The Price of Success
Boredom is the new enemy of the online public space, and Exit may be the only solution.
What a difference a decade makes.
In 2016, radical posters on the right assaulted every avenue of the internet. The space assumed to be the controlled cultural domain of the left, fresh from the brilliant Obama Social Media campaign, found themselves on their back foot the entire Hillary campaign. They sat befuddled as their usual tactics of moral shaming and snark faltered and sputtered. For old-guard conservatives, the revolution was even more terrifying, as their reputations as respectable people writing for respectable publications became a meme, a laughingstock in the new reality. A single short-lived parody Twitter account called “Conservative Pundit” dealt the entire apparatus a nuking they still haven’t recovered from. National Review went from a bulwark of right-wing thought to a punchline within the span of a year. It was darkly amusing seeing people from the American Enterprise Institute, CATO, and many others pretty much admit that they were writers for hire when they implied that anyone who supported Trump would be purged from the movement, like they wielded the same hegemonic power of gatekeeping as in the era of Buckley Conservatism.

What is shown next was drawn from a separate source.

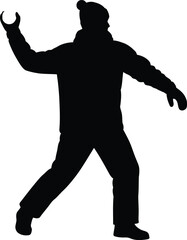 Silhouette of a person throwing a snowball in winter clothing action shot vector © SAIF820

The online sphere was a perfect storm of mass discontent as young right wingers learned new tactics of information warfare as they stormed the halls of digital spaces. The posters once relegated to the ghettoes of 4-Chan and The Right Stuff were ratioing prominent political figures and journalists. You would regularly see avatars with swastikas savaging TV hosts and green Pepes getting more engagement than multi-billion-dollar enterprises. This savage, unrestrained youthful energy from a cohort of disenfranchised voters brought about the ascent of Trump's first term, the most shocking populist win in recent history.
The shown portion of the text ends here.